> **Task to carry out**:
Give back, word for word, only the lines from the opening of the records through the one with "Download Google for". Pictures stay out.

____ Working data

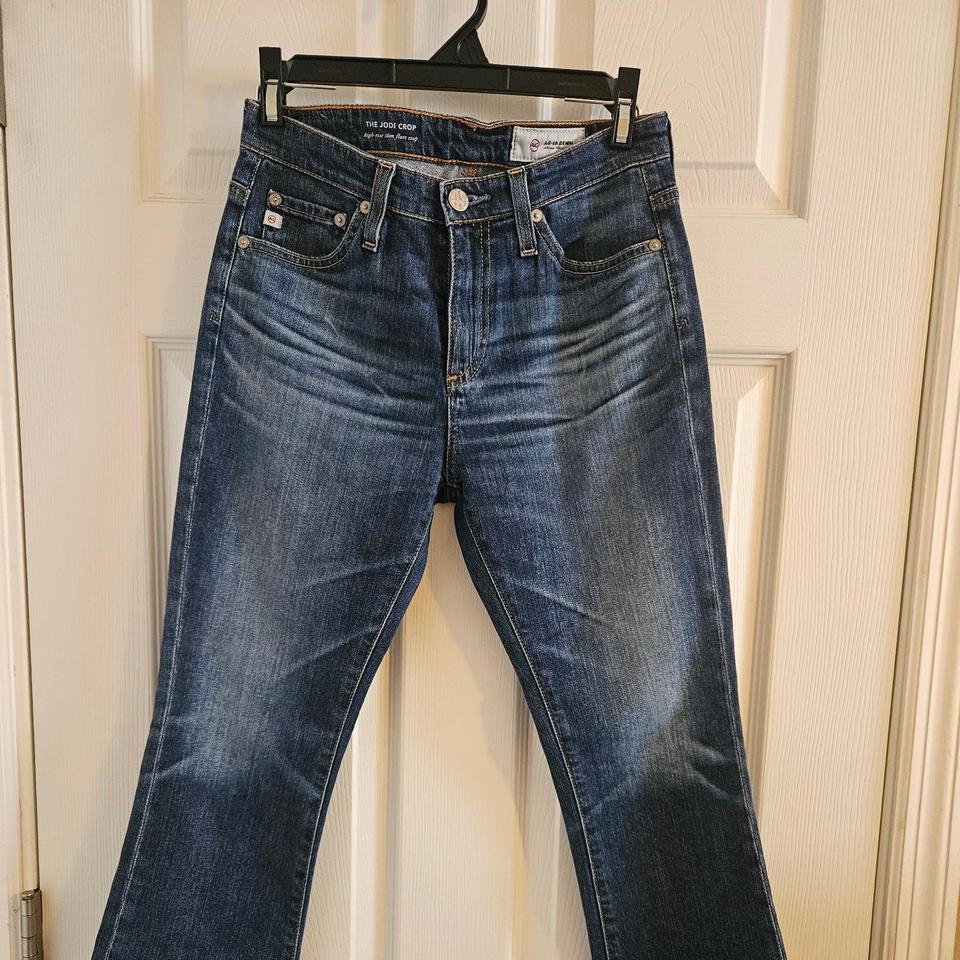 Ag Adriano Goldschmied Blue Jeans 4731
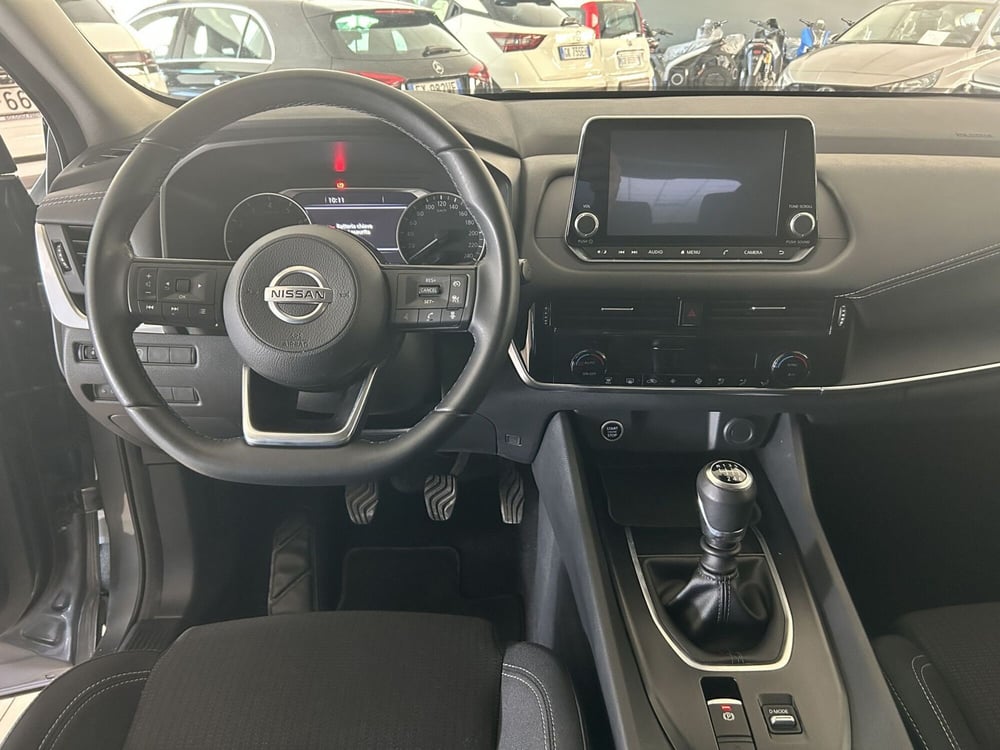 Nissan Qashqai usata a Ferrara (11)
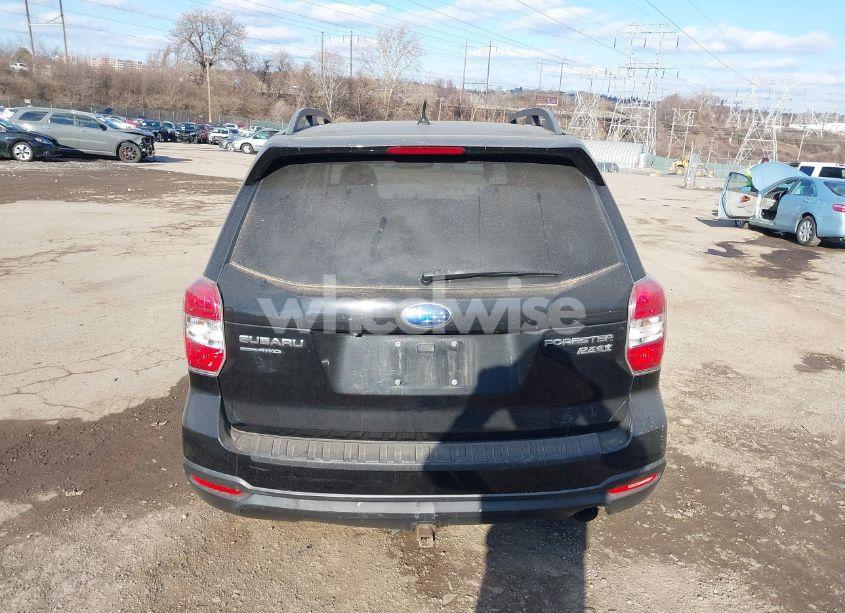 Photo 15 of 2014 Subaru Forester 2.5I LIMITED (VIN JF2SJAHC4EH469693)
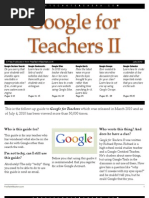 Download Google for Teachers II by bhagavatham SN99401545 doc pdf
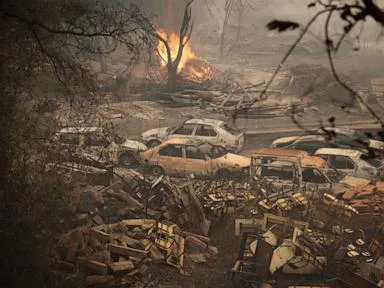 Algerians battle deadly wildfires as Tebboune seeks death penalty for arson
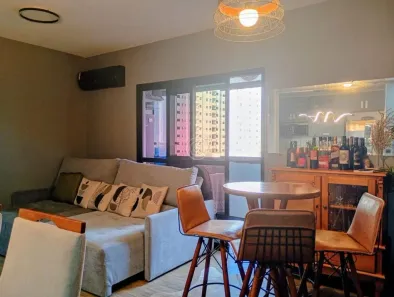 Apartamento com 3 Quartos à venda, 90m² no Ortizes, Valinhos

________

> **Task output**:
 Ag Adriano Goldschmied Blue Jeans 4731
 Nissan Qashqai usata a Ferrara (11)
 Photo 15 of 2014 Subaru Forester 2.5I LIMITED (VIN JF2SJAHC4EH469693)
 Download Google for Teachers II by bhagavatham SN99401545 doc pdf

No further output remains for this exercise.